Yasmine Houri, PhD candidate in the Sociology cluster at CREST, has received the Best Paper Award at the 18th ACM Web Science Conference (WebSci’26), held in Braunschweig, Germany, from May 26 to 29, 2026.

The award recognises the paper co-authored with Upasana Dutta (University of Pennsylvania): “Framing the Fringe: Dynamics of Ingroup and Outgroup Narratives in Fringe Telegram Channels”.

About the paper

The research examines the narrative dynamics at work in so-called “fringe” Telegram channels — spaces at the margins of mainstream platforms where radical, conspiracist, or extremist discourse circulates. Drawing on large-scale computational analysis, the authors investigate how these communities construct and mobilise group narratives, distinguishing between representations of the ingroup and the outgroup, in order to reinforce internal cohesion and delegitimise outside figures.

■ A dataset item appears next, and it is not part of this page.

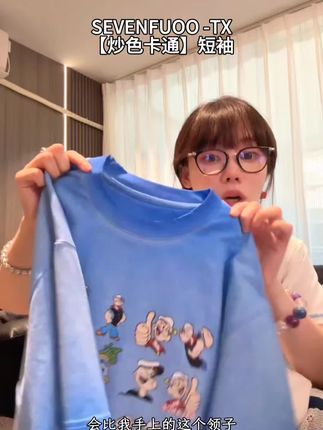 【炒色卡通】短袖#炒色t恤 #热门 #宽松版型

This work sits at the intersection of media sociology, web science, and natural language processing — a rapidly growing field seeking to better understand online radicalisation mechanisms and the ways in which alternative platforms shape collective identities.

About WebSci

The ACM Web Science Conference is one of the leading academic venues for the study of interactions between the web and society, covering online behaviour, misinformation dynamics, recommendation algorithms, and the societal impact of social media. The Best Paper Award is selected by a peer review committee from among all submitted contributions.

CREST warmly congratulates Yasmine Houri on this distinction, which reflects the quality and relevance of her doctoral research.